WORK ITEM – Word for word, set down every line of the entries below from the line with "Atlantis Coffee Premix" to the line with "Photograph of a", including both, and no other line.

INFORMATION PROVIDED –
-----
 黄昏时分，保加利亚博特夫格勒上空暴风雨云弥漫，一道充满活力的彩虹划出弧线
-----
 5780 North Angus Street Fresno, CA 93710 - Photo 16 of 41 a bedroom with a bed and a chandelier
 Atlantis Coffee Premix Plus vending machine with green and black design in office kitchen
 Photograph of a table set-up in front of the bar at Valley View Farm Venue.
-----
ANSWER TO THIS EXERCISE –
 Atlantis Coffee Premix Plus vending machine with green and black design in office kitchen
 Photograph of a table set-up in front of the bar at Valley View Farm Venue.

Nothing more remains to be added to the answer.